Mittelfristig übernehmen die Medien aber wieder stärker die Rolle des Gatekeepers, setzen eigene Schwerpunkte und hinterfragen zuweilen auch die Behörden. Viele Medienorganisationen merken, dass es im eigenen Haus an Expertisen einer Wissenschaftsjournalistin, eines Wissenschaftsjournalisten fehlt.

Organisatorische Herausforderungen

Die Krise zwingt die Medienschaffenden in das Homeoffice. Für viele traditionelle Medienhäuser ist das Neuland und verbunden mit einem grundsätzlichen Umdenken im Bereich der Leitung und der Arbeitsorganisation – und mit einem technischen Innovationsschub.

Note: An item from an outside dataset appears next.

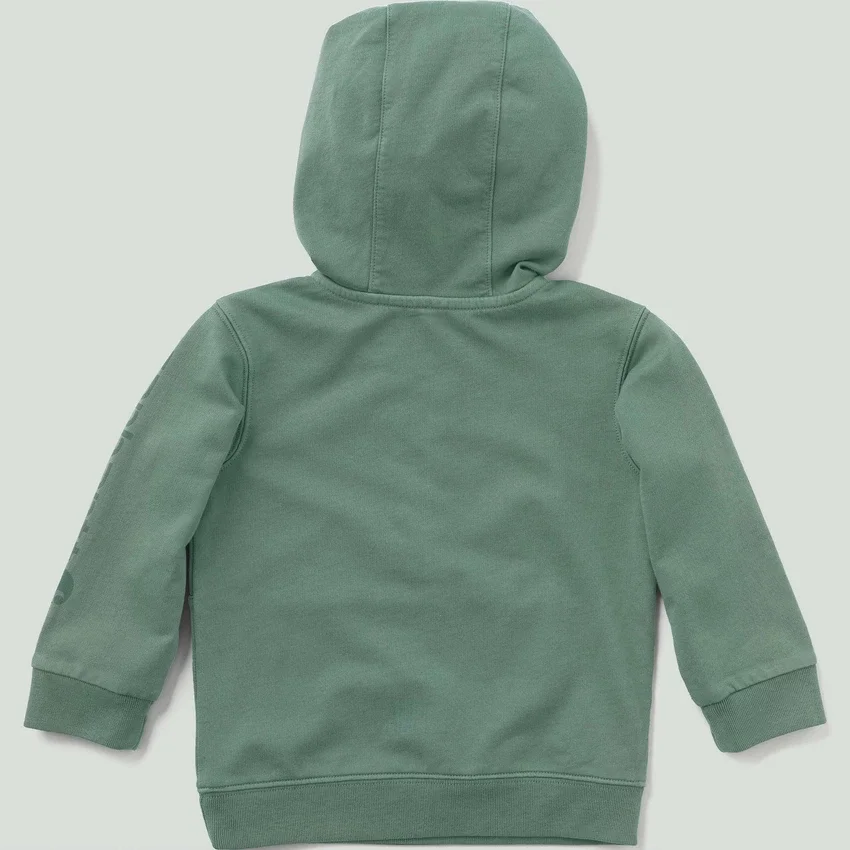 Camisola de manguitos compridos com meio fecho para criança, tingida na peça e com design renovado (Bebé/Criança pequena)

Die Journalistinnen und Journalisten sind insgesamt mit ihrer Leistung während der Krise zufrieden, geben sich aber auch selbstkritisch. Dies vor allem hinsichtlich der Frage, wie sie ihrer Funktion der Vierten Gewalt gerecht geworden sind.

Drei Diskussionspunkte

In ihren Schlussfolgerungen weist die EMEK auf drei Diskussionspunkte hin.

  1. Service-(public)-Leistung versus Service-public-Auftrag: Alle Medien haben im Kontext von Corona eine sich selbst auferlegte ausserordentliche Leistung gezeigt und damit die Bevölkerung durch eine aussergewöhnliche Situation begleitet. Sie haben sich damit der Gesellschaft verpflichtet und dem öffentlichen Auftrag gedient, unabhängig davon, ob sie durch eine Kon-zession per RTVG zu einem festgelegten Leistungsauftrag verpflichtet sind.
  2. Fehlender Wissenschaftsjournalismus: Als Resultat einer schon länger anhaltenden Ausdünnung von Fachredaktionen fehlt es vielen Medienhäusern an den entsprechenden Expertisen. Die Corona-Krise hat dies deutlich gezeigt. Viele, vor allem kleinere Medienorganisationen sind nicht nur von externen Fachpersonen abhängig, es fehlt ihnen auch an der Kompetenz im Haus, diese Informationen zu kontextualisieren und journalistisch aufzubereiten.
  3. Journalismus im Homeoffice – geht das? Inwiefern beeinflusst die Telearbeit die journalistische Qualität? Rein technisch betrachtet spricht nichts gegen die Arbeit von zu Hause aus. Journalismus lebt aber unter anderem auch vom Austausch in den Redaktionen. Die konsequente Telearbeit begünstigt zudem möglicherweise die Tendenz, Journalismus vom Pult aus zu betreiben und die Welt über Google zu erfassen. Die Vor-Ort-Erfahrung fehlt. Ist dies erwünscht? Diese Diskussion muss geführt werden.